:: Problem ::
Since only part of the material below is wanted, output exactly the lines from the one with "Used 2025 Ford" up to and including the one with "Building Photo - BEAUTIFUL".
*** Data for this task ***
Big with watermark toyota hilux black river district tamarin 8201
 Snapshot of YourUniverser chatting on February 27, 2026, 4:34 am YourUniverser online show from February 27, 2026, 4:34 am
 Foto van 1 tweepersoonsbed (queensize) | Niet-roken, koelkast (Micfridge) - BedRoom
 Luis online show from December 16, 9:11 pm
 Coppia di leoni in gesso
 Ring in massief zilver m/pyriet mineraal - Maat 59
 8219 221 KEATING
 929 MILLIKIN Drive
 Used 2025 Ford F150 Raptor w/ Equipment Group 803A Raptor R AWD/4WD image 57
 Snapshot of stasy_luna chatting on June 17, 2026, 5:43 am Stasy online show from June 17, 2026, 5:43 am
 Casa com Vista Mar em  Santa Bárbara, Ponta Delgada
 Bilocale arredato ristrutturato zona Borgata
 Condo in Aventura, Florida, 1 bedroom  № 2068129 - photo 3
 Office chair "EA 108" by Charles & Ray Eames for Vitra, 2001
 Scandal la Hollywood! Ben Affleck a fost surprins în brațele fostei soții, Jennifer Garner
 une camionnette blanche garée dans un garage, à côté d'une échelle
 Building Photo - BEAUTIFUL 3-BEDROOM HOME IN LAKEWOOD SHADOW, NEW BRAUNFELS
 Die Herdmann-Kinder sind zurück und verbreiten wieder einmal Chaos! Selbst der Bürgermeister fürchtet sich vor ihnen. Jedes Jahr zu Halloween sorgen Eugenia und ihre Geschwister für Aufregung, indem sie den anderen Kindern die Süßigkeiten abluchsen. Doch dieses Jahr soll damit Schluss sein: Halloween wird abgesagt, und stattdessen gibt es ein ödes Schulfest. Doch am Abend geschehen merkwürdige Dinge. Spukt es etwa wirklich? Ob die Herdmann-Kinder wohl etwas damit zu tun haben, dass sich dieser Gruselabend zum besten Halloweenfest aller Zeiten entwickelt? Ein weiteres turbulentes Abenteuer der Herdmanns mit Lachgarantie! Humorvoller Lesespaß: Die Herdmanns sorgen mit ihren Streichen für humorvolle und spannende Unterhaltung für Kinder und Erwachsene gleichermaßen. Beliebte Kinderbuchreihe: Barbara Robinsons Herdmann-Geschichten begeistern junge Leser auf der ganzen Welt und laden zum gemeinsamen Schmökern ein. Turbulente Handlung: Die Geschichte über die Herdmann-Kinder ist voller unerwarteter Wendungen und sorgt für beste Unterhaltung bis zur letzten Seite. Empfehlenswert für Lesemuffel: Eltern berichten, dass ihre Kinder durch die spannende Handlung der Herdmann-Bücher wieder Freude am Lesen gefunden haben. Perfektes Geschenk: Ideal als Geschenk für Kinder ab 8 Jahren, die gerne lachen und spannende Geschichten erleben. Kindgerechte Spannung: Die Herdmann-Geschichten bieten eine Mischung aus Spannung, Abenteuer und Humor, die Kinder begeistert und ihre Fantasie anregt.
*** End of Data for this task ***
:: Worked solution ::
 Used 2025 Ford F150 Raptor w/ Equipment Group 803A Raptor R AWD/4WD image 57
 Snapshot of stasy_luna chatting on June 17, 2026, 5:43 am Stasy online show from June 17, 2026, 5:43 am
 Casa com Vista Mar em  Santa Bárbara, Ponta Delgada
 Bilocale arredato ristrutturato zona Borgata
 Condo in Aventura, Florida, 1 bedroom  № 2068129 - photo 3
 Office chair "EA 108" by Charles & Ray Eames for Vitra, 2001
 Scandal la Hollywood! Ben Affleck a fost surprins în brațele fostei soții, Jennifer Garner
 une camionnette blanche garée dans un garage, à côté d'une échelle
 Building Photo - BEAUTIFUL 3-BEDROOM HOME IN LAKEWOOD SHADOW, NEW BRAUNFELS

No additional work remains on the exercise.